The cinemas in small communities argue they don’t benefit much from marketing for films that is aimed at big cities, and have to spend more to compensate.

“We told Disney we were prepared to go as high as 50 percent but that’s the limit,” noted Karl-Heinz Meier, a spokesman for IG Nord, an organization that represents cinema owners in Northern Germany, said in a recent interview with the Hollywood Reporter. “We said for a 50 percent rate, we’d screen every Disney film.”

Of note, Disney also announced the rate hike a mere 12 days before the start of Avengers, meaning theater owners had almost no time to adapt to the changes. Meier said if Disney won’t compromise on the new terms, the theaters will continue to boycott all Disney films, including such upcoming hits such as Pixar’s Inside Out and Star Wars: The Force Awakens.

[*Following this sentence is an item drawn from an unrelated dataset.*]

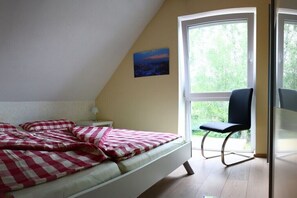 Ein Schlafzimmer mit Bett, Stuhl, Nachttisch, Lampe und einem Fenster mit Blick auf Grünfläche.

Disney sent a letter to the boycotting cinemas on Monday, April 27, saying there would be no change in their rental policy and that the new rate of 53% would stay in effect. Disney would not comment to THR for this story.

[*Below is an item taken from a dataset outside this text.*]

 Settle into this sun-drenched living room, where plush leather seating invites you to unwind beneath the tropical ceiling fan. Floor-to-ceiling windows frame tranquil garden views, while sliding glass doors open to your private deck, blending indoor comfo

While Meier and other independent cinema owners hope to reach a deal with Disney, they are worried the studio’s rate hike could soon be copied by other Hollywood majors. If so, he says, Germany’s small town cinemas will continue to fight: “We are businessmen, we just want to run our business. But these conditions make it impossible.”

Rates should be going down

Also of note, AG Kino, an industry organization representing the interests of theater owners in Germany, argued that film rental fees should generally be going down rather than up, given that movie houses have had to spend a great deal on digital projection technology, a move that mainly benefits studio distributors who no longer have to pay for the delivery of many rolls of film all across the globe.

“Digitization has resulted in major savings for distributors, (savings) that have not yet been passed on to their partners, the cinemas,” AG Kino commented in a statement. “We are convinced film rental costs have to come down.”

Quantifying the financial impact

The financial impact of the German Disney boycott is not clear. The cinemas involved represent a total of 686 screens, however, apparently not all were planning to book The Avengers anyway. Cinemas from small towns, representing 187 screens across Germany, all of which promoted The Avengers: Age of Ultron in the run-up to last weekend, took part in the boycott

The Avengers: Age of Ultron ended up opening on over 840 screens in its first weekend in Germany, totaling $9.35 million (€8.6 million). Those totals represent the the best-ever start for a Marvel title in the Germany.

Disney launched the first Avengers film on 660 screens in Germany back in 2012, bringing in around €6.3 million on opening weekend. There were 708,000 tickets sold for Age of Ultron, relative to 560,000 for the first Avengers film, which ended up grossing over $30 million in Germany.

Earlier this month Fast & Furious 7 opened on 642 screens in Germany. Fifty Shades of Grey began with 739 screens. The Hobbit: The Battle of the Five Armies, had the biggest opening in the country in 2014, launching on 930 screens.

The tickets sold per screen for The Avengers: Age of Ultron was close to 1,500 for the past weekend, very strong for a widely release title.